Implementing OpenDataStructures in Rust

In safe Rust, I've implemented Open Data Structures. In this article, I'd like to write about my motivation, how to proceed and what was tricky to implement.

Repository

https://github.com/o8vm/ods

Since this project is also a learning project of Rust, it has been implemented using only Safe Rust. In other words, I implemented Linked-List in Rc.
This project also has simple test codes, and you can try it out with cargo test.

The second half of this project code may be more polished than the first half, as I became more proficient in Rust during the implementation. I think I implemented the best is RedBlackTree, which becomes my favorite data structure.

Motivation

I wanted to learn about data structures and Rust simultaneously, but I couldn't find suitable teaching materials. Open Data Structures has implementations in various languages, but not Rust, so I decided to study it while implementing it myself. Another reason was that there were calls for a Rust implementation in the Japanese translation of the ODS book.

https://lambdanote.com/blogs/news/article-6

『みんなのデータ構造』を読んでRustで実装した」といった報告をお待ちしています！

How to Read the ODS book

I thought it would be a good idea for beginners to read Open Data Structures in order from the beginning. If you don't understand the first chapter, you won't understand the subsequent chapters, so I recommend reading at least the first chapter.

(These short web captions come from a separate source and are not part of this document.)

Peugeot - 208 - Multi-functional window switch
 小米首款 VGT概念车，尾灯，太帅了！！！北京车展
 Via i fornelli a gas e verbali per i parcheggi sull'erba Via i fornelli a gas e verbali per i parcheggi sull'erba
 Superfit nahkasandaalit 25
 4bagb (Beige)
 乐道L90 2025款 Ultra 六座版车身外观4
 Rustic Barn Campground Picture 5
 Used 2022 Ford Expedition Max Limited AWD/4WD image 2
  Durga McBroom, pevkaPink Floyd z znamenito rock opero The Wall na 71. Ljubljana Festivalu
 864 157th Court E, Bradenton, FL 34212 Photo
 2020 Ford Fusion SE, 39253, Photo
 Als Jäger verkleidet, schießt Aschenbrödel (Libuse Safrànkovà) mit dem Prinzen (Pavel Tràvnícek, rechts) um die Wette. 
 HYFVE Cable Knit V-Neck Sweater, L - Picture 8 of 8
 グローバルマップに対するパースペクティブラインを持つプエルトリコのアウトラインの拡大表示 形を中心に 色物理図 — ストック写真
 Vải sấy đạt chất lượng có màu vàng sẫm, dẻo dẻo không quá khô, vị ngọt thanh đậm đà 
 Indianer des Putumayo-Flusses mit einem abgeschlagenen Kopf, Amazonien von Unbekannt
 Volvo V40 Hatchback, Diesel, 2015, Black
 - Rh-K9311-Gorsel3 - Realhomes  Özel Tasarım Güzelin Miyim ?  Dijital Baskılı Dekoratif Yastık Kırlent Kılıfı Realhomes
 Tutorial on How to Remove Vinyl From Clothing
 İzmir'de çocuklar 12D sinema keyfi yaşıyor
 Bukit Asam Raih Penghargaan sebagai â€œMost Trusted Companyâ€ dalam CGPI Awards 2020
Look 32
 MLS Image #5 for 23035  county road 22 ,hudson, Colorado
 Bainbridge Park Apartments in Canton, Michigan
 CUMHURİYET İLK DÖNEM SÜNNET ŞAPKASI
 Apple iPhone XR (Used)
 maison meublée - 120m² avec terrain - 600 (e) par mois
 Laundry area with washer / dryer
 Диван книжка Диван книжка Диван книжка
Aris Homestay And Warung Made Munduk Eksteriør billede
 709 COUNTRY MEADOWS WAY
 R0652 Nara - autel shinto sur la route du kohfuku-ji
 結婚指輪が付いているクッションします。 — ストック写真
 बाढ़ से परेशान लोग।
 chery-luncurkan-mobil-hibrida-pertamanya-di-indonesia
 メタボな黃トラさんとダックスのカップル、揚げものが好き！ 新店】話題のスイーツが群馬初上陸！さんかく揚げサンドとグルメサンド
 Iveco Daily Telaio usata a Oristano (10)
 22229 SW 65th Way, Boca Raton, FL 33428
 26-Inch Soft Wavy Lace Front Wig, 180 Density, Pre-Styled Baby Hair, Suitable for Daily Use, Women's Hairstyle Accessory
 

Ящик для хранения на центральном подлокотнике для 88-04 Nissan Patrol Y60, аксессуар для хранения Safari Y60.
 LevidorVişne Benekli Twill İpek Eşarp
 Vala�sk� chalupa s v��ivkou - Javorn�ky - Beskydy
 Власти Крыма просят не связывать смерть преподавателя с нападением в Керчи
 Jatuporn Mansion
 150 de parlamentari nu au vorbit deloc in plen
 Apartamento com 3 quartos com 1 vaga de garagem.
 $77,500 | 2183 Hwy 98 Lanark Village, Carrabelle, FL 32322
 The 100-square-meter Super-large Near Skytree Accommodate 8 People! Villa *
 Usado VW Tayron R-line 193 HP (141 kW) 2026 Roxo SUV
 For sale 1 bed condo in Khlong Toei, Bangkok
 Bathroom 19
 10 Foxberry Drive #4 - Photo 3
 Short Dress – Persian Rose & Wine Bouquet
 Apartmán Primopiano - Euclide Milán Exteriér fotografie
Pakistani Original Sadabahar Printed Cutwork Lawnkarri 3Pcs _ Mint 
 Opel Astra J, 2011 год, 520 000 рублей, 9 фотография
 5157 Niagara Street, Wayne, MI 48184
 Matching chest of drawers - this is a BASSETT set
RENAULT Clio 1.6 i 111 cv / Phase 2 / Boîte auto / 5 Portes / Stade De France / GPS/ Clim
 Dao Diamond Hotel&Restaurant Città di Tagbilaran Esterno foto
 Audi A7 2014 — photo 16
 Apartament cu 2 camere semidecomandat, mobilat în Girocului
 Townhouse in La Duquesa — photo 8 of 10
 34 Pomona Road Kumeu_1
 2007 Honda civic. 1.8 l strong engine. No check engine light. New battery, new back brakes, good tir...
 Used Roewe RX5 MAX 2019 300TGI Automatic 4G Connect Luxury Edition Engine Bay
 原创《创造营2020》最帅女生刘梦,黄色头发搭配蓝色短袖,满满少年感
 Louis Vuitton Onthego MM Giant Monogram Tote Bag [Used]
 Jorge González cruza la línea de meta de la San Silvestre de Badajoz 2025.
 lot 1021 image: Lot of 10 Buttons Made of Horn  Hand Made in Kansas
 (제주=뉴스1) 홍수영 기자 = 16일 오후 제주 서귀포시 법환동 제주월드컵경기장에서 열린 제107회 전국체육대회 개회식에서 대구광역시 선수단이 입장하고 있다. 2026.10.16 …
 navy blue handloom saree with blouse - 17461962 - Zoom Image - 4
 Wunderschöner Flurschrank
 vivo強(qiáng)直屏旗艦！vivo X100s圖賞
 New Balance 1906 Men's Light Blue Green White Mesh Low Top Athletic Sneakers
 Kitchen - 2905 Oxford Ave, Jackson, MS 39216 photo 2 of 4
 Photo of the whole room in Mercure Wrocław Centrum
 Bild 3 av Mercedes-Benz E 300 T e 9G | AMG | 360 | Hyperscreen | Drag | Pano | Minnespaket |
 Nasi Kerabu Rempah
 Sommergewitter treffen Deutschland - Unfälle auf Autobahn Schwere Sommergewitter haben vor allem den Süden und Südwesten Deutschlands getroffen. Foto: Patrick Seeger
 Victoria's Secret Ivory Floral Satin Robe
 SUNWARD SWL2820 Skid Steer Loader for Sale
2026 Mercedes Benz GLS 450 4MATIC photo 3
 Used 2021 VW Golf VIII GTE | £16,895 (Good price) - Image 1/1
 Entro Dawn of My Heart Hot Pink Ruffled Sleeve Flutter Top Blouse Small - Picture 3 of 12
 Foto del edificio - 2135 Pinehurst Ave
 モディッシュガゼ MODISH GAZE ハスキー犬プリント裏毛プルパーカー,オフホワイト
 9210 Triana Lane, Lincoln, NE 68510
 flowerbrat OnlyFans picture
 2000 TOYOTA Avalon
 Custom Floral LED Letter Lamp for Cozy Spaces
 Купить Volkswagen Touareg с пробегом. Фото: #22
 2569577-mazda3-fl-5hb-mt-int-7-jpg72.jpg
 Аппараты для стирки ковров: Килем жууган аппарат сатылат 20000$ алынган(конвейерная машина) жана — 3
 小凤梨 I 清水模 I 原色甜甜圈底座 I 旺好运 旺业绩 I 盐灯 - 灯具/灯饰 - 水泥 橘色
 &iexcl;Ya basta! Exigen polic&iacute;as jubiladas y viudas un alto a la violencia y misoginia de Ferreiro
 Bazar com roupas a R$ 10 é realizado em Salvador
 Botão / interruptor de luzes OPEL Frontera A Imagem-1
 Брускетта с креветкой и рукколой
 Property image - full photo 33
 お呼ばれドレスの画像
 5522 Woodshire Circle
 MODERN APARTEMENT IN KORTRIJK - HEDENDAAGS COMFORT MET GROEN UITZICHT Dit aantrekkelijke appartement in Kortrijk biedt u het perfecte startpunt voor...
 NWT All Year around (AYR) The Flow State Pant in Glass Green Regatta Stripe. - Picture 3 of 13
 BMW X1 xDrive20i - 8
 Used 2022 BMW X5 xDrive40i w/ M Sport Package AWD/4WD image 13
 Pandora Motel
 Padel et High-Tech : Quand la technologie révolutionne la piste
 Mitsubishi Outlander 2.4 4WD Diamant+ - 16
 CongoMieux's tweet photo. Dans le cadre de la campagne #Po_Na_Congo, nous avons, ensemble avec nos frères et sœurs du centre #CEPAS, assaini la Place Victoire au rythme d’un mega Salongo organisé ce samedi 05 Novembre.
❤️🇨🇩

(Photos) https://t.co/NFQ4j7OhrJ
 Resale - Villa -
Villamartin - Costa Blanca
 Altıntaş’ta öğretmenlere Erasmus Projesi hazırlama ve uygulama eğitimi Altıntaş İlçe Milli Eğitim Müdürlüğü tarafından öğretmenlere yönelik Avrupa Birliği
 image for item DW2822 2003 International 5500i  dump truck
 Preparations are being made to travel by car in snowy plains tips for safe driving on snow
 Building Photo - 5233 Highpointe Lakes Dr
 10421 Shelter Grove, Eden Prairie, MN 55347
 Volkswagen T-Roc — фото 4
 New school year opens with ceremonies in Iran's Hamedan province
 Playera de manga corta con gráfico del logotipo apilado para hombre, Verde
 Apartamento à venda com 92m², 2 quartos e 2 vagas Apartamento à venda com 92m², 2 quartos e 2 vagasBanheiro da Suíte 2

I read the chapters and implemented them when I understood them. Also, when I encountered complicated data structures, there were times when I could understand them easily by drawing pictures, so I recommend drawing pictures anyway.

In the following sections, I will focus on implementing the code in Rust.

Implementation Overview for each Chapter

Chapter 1: Interfaces

The first chapter also explains the basic data structure interfaces.
Note that in Rust, common behaviors can be defined using trait, so I used trait to represent each interface first. See interface.rs for details.


pub trait Queue<T> {
    fn add(&mut self, x: T);
    fn remove(&mut self) -> Option<T>;
}

pub trait Stack<T> {
    fn push(&mut self, x: T);
    fn pop(&mut self) -> Option<T>;
}

pub trait List<T: Clone> {
    fn size(&self) -> usize;
    fn get(&self, i: usize) -> Option<T>;
    fn set(&mut self, i: usize, x: T) -> Option<T>;
    fn add(&mut self, i: usize, x: T);
    fn remove(&mut self, i: usize) -> Option<T>;
}

pub trait USet<T: PartialEq + Clone> {
    fn size(&self) -> usize;
    fn add(&mut self, x: T) -> bool;
    fn remove(&mut self, x: &T) -> Option<T>;
    fn find(&self, x: &T) -> Option<T>;
}

pub trait SSet<T: PartialOrd + Clone> {
    fn size(&self) -> usize;
    fn add(&mut self, x: T) -> bool;
    fn remove(&mut self, x: &T) -> Option<T>;
    fn find(&self, x: &T) -> Option<T>;
}

pub trait Graph {
    fn add_edge(&mut self, i: usize, j: usize);
    fn remove_edge(&mut self, i: usize, j: usize);
    fn has_edge(&self, i: usize, j: usize) -> bool;
    fn out_edges(&self, i: usize) -> Vec<usize>;
    fn in_edges(&self, i: usize) -> Vec<usize>;
}

Trait bound can specify the characteristics of the data handled by each interface. For example, the SSet interface requires PartialOrd or Ord, and the USet requires PartialEq or Eq.

Note that due to the use of RefCell in lists, trees, etc., Clone is also specified as a trait bound because it is not possible to return a reference from borrow(), so it is decided to return the clone()ed value by get() or find(). See this article for related info.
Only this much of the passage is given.